EXERCISE BRIEF: If a line below contains the string "Necklace", return that line.

Caption-style text data
* * * *

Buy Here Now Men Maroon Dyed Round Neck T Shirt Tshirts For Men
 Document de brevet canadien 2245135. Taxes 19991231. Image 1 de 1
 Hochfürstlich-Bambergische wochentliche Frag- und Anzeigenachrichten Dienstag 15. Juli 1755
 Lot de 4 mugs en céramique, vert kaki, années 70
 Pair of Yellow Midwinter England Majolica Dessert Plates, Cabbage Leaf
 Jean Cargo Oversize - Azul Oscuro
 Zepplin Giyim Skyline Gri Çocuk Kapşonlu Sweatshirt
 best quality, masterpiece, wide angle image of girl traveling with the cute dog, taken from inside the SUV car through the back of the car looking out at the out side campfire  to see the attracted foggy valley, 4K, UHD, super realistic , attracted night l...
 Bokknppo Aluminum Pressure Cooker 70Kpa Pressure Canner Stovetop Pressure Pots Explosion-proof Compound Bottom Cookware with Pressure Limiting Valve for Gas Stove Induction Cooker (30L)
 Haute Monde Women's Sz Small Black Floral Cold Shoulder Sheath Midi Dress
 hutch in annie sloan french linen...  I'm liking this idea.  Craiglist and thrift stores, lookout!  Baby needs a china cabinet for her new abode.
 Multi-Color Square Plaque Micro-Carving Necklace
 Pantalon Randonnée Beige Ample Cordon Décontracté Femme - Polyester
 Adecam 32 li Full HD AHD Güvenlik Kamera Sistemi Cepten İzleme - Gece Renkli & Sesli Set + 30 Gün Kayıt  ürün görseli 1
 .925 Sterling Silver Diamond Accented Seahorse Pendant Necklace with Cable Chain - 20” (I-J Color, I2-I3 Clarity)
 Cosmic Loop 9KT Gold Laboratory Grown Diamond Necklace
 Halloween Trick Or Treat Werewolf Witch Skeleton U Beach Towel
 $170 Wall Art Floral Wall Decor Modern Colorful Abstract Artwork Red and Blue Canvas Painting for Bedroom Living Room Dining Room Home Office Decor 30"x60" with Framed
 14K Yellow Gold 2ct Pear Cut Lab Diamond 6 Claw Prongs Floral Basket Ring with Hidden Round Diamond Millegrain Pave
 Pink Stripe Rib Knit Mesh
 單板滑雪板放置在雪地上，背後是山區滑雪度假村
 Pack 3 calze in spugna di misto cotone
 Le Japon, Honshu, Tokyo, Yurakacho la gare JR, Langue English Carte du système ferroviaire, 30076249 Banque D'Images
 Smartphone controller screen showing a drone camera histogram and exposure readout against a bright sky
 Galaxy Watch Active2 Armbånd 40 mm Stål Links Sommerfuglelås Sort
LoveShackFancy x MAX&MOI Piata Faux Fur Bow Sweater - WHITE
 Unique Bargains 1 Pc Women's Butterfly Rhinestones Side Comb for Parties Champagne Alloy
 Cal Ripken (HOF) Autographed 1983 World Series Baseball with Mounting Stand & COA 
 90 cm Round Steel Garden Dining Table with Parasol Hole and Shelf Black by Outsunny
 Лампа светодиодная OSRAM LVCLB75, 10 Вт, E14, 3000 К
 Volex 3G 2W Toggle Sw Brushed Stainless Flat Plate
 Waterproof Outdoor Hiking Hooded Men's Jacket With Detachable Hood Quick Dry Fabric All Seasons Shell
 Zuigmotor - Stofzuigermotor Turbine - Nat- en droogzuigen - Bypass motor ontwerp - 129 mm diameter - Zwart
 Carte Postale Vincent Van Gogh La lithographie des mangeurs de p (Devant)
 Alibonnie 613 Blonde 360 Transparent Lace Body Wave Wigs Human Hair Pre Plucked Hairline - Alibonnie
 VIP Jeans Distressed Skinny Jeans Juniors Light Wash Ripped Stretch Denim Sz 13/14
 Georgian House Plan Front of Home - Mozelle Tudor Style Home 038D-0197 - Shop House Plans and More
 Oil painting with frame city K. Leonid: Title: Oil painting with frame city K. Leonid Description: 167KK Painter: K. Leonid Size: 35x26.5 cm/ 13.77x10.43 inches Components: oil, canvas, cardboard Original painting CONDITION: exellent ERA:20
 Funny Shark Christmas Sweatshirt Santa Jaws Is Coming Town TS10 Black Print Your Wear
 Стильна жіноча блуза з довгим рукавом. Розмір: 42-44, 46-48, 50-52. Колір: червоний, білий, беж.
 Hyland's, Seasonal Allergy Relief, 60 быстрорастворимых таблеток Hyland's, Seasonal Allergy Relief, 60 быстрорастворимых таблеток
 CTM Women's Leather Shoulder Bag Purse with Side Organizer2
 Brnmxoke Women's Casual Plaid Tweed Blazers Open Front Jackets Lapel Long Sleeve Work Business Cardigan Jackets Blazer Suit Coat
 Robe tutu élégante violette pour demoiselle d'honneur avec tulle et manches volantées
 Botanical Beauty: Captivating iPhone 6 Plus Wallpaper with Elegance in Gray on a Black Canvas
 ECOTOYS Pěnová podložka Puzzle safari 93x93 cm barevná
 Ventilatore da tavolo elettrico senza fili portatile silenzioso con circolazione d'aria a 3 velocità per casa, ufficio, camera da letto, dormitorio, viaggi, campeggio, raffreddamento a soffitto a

* * * *

ANSWER AREA:
 Multi-Color Square Plaque Micro-Carving Necklace
 .925 Sterling Silver Diamond Accented Seahorse Pendant Necklace with Cable Chain - 20” (I-J Color, I2-I3 Clarity)
 Cosmic Loop 9KT Gold Laboratory Grown Diamond Necklace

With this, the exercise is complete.